> **Task item**
Copy the data below exactly, but not the pictures it contains.

Information supplied below:

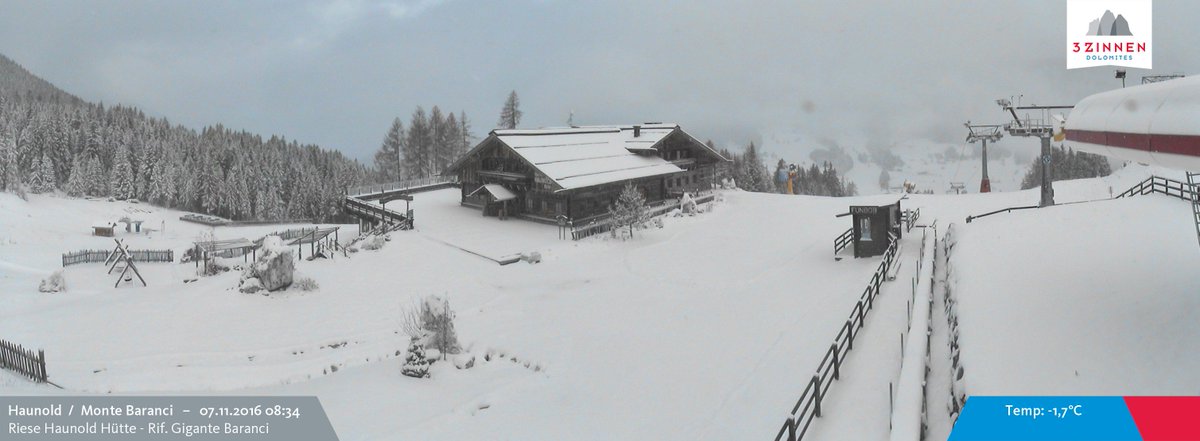 s_dolomiten's tweet photo. #Snow today!! let's ski in november....www.dreizinnen.com https://t.co/4ZtqdJaxns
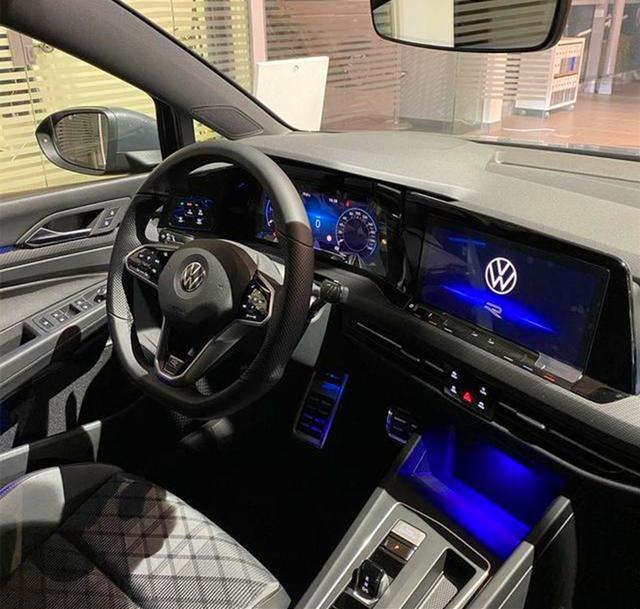 进口高尔夫旅行车行驶质感,进口高尔夫旅行版是几座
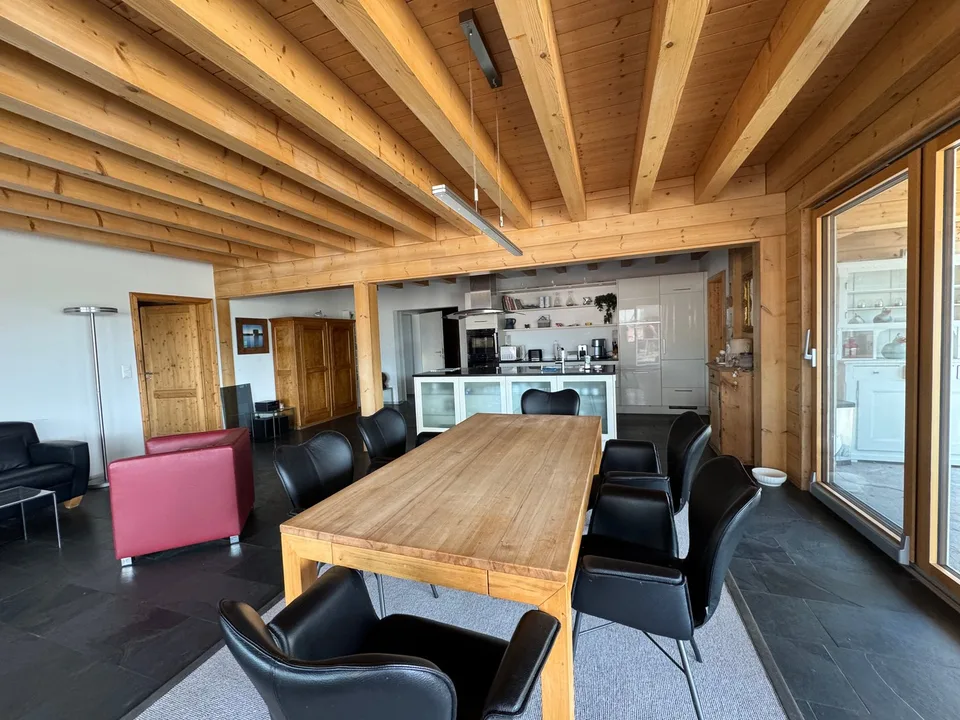 3 Familienhaus mit Pferdestall, Reitplatz, Naturpool und Überlaufbecken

End of Information supplied.

> **Final answer**
 s_dolomiten's tweet photo. #Snow today!! let's ski in november....www.dreizinnen.com https://t.co/4ZtqdJaxns
 进口高尔夫旅行车行驶质感,进口高尔夫旅行版是几座
 3 Familienhaus mit Pferdestall, Reitplatz, Naturpool und Überlaufbecken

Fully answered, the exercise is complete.